### MATERIAL FOR THIS EXERCISE ###

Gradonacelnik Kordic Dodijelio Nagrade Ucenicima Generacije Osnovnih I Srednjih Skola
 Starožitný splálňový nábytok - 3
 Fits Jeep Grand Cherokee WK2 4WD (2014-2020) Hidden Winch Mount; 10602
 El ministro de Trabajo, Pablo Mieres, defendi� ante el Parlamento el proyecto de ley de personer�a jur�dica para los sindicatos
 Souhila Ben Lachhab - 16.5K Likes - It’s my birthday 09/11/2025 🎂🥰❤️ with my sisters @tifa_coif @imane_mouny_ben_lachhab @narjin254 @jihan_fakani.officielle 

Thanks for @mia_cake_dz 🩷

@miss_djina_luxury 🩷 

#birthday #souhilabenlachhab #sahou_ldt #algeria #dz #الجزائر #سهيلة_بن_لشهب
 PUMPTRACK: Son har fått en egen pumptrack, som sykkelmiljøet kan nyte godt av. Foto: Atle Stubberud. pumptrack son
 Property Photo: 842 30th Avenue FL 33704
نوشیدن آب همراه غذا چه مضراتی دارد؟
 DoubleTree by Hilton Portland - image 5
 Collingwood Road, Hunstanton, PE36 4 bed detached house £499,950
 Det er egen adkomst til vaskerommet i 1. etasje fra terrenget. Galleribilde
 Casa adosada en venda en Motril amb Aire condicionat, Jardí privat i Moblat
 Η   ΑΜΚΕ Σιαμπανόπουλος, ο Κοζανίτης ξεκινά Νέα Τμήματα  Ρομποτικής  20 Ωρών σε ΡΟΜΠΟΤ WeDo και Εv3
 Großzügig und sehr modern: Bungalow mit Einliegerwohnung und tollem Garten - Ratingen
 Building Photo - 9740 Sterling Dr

###

**PROBLEM TO SOLVE**
Retype each entry exactly, missing none.

**RESULT OF THIS EXERCISE**
Gradonacelnik Kordic Dodijelio Nagrade Ucenicima Generacije Osnovnih I Srednjih Skola
 Starožitný splálňový nábytok - 3
 Fits Jeep Grand Cherokee WK2 4WD (2014-2020) Hidden Winch Mount; 10602
 El ministro de Trabajo, Pablo Mieres, defendi� ante el Parlamento el proyecto de ley de personer�a jur�dica para los sindicatos
 Souhila Ben Lachhab - 16.5K Likes - It’s my birthday 09/11/2025 🎂🥰❤️ with my sisters @tifa_coif @imane_mouny_ben_lachhab @narjin254 @jihan_fakani.officielle 

Thanks for @mia_cake_dz 🩷

@miss_djina_luxury 🩷 

#birthday #souhilabenlachhab #sahou_ldt #algeria #dz #الجزائر #سهيلة_بن_لشهب
 PUMPTRACK: Son har fått en egen pumptrack, som sykkelmiljøet kan nyte godt av. Foto: Atle Stubberud. pumptrack son
 Property Photo: 842 30th Avenue FL 33704
نوشیدن آب همراه غذا چه مضراتی دارد؟
 DoubleTree by Hilton Portland - image 5
 Collingwood Road, Hunstanton, PE36 4 bed detached house £499,950
 Det er egen adkomst til vaskerommet i 1. etasje fra terrenget. Galleribilde
 Casa adosada en venda en Motril amb Aire condicionat, Jardí privat i Moblat
 Η   ΑΜΚΕ Σιαμπανόπουλος, ο Κοζανίτης ξεκινά Νέα Τμήματα  Ρομποτικής  20 Ωρών σε ΡΟΜΠΟΤ WeDo και Εv3
 Großzügig und sehr modern: Bungalow mit Einliegerwohnung und tollem Garten - Ratingen
 Building Photo - 9740 Sterling Dr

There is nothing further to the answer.